To create these chunks, we first need a way of measuring the length of our text. LLMs don’t measure text by word or character — they measure it by “tokens”.

A token is typically the size of a word or sub-word and varies by LLM. The tokens themselves are built using a _tokenizer_. We will be using `gpt-3.5-turbo` as our completion model, and we can initialize the tokenizer for this model like so:



In [None]:
import tiktoken  # !pip install tiktoken

tokenizer = tiktoken.get_encoding('p50k_base')

Using the tokenizer, we can create tokens from plain text and count the number of tokens. We will wrap this into a function called `tiktoken_len`:

In [None]:
# create the length function
def tiktoken_len(text):
    tokens = tokenizer.encode(
        text,
        disallowed_special=()
    )
    return len(tokens)

tiktoken_len("hello I am a chunk of text and using the tiktoken_len function "
             "we can find the length of this chunk of text in tokens")

With our token counting function ready, we can initialize a LangChain `RecursiveCharacterTextSplitter` object.

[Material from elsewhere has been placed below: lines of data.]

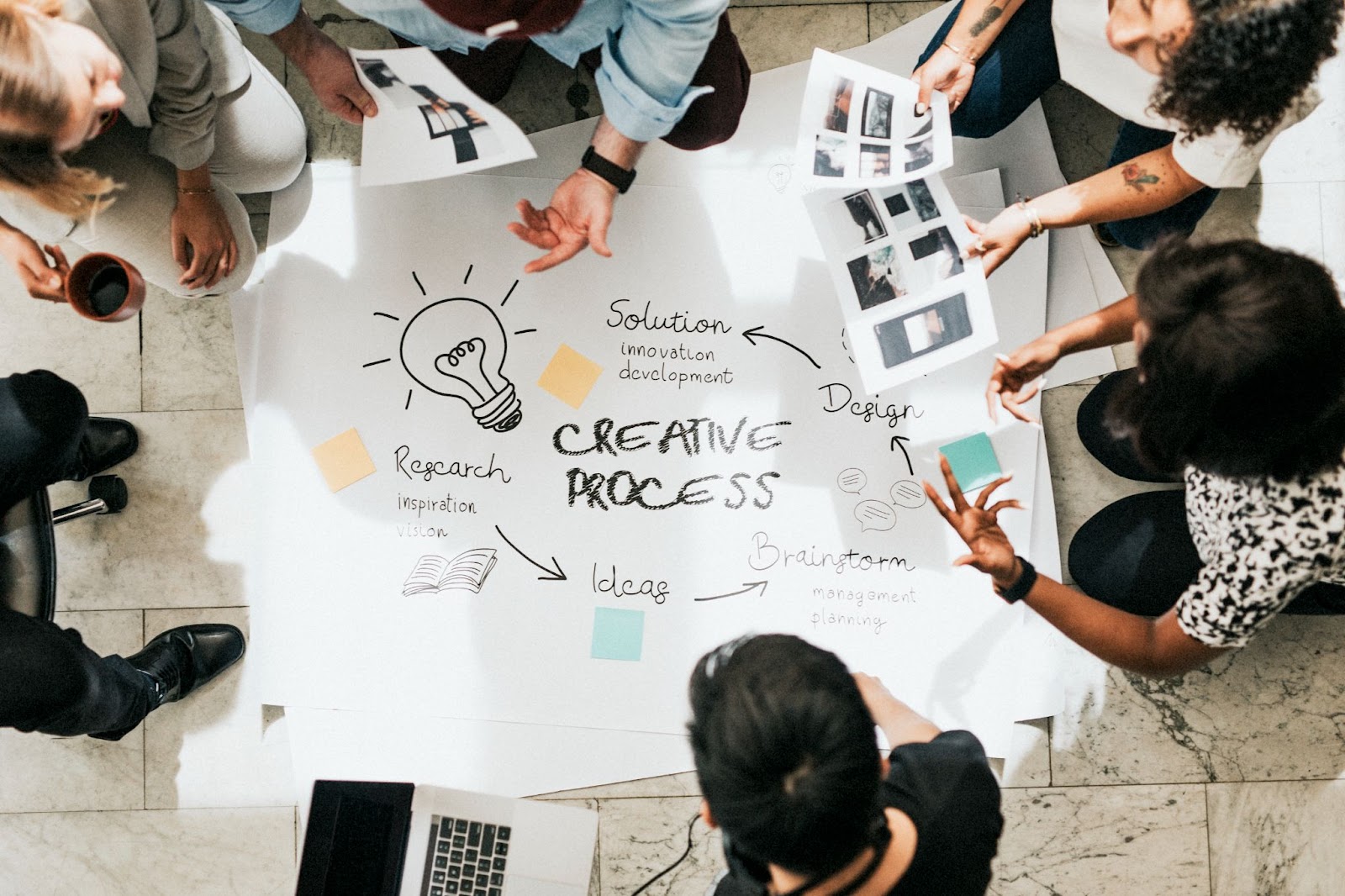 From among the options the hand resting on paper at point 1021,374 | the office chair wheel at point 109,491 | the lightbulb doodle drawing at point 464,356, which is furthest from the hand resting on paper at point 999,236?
the office chair wheel at point 109,491

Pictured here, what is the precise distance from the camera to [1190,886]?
1418mm

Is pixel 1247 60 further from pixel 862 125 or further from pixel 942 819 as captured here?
pixel 942 819

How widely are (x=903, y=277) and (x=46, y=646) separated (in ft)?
4.23

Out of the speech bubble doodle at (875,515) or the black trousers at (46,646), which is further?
the speech bubble doodle at (875,515)

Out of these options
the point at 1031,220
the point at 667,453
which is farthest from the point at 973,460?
the point at 667,453

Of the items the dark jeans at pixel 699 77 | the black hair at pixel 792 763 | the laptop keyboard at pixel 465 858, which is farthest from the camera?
the laptop keyboard at pixel 465 858

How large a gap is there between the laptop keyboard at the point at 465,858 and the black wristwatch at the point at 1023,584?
2.72ft

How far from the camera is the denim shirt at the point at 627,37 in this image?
1.06 m

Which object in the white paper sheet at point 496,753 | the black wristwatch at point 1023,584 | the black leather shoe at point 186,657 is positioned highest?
the black wristwatch at point 1023,584

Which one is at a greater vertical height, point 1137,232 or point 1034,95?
point 1034,95

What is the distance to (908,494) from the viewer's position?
1.39 metres

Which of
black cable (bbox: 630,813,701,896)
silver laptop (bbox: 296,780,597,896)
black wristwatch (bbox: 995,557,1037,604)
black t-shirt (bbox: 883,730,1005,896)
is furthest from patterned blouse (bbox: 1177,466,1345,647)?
silver laptop (bbox: 296,780,597,896)

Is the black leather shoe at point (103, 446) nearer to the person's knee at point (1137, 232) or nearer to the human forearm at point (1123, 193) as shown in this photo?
the human forearm at point (1123, 193)

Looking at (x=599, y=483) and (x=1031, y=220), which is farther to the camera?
(x=599, y=483) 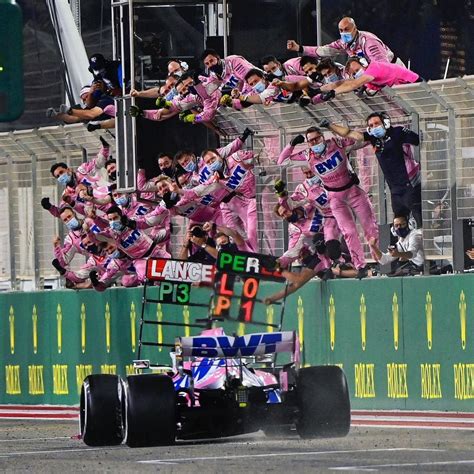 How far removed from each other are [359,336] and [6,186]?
24.7ft

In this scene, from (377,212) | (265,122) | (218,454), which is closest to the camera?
(218,454)

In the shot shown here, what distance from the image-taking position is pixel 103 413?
1517cm

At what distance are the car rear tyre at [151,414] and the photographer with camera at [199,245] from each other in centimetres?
636

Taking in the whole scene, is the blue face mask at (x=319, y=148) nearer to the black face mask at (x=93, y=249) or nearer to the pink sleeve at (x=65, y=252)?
the black face mask at (x=93, y=249)

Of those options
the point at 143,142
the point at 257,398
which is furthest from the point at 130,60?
the point at 257,398

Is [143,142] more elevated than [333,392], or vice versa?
[143,142]

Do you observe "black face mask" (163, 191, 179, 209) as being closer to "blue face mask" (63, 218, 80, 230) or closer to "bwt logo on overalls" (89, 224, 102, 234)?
"bwt logo on overalls" (89, 224, 102, 234)

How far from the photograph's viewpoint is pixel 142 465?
42.5 ft

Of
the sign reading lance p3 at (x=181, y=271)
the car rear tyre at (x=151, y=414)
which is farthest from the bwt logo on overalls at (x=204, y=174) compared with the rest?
the car rear tyre at (x=151, y=414)

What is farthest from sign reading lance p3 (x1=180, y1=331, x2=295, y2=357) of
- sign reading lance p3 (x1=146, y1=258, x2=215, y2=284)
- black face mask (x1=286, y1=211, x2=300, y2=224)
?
black face mask (x1=286, y1=211, x2=300, y2=224)

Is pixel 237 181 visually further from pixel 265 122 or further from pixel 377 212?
pixel 377 212

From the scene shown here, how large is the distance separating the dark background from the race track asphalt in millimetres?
6036

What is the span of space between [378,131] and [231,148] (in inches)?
113

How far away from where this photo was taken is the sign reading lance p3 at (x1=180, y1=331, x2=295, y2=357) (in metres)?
14.8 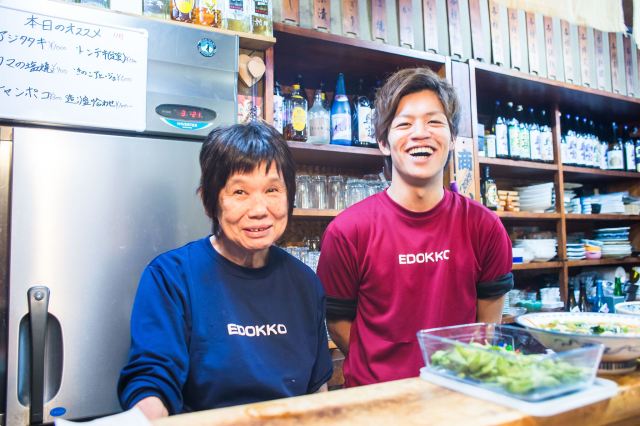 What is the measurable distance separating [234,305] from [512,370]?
2.20 ft

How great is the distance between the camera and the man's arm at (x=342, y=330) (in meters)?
1.58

This object will allow us to split our text into chunks no longer than what we specify via the `chunk_size` parameter.



In [None]:
from langchain.text_splitter import RecursiveCharacterTextSplitter

text_splitter = RecursiveCharacterTextSplitter(
    chunk_size=400,
    chunk_overlap=20,
    length_function=tiktoken_len,
    separators=["\n\n", "\n", " ", ""]
)

In [None]:
chunks = text_splitter.split_text(data[6]['text'])[:3]
chunks

None of these chunks are larger than the `400` chunk size limit we set earlier:

With the `text_splitter`, we get nicely-sized chunks of text. We’ll use this functionality during the indexing process later. For now, let’s take a look at _embeddings_.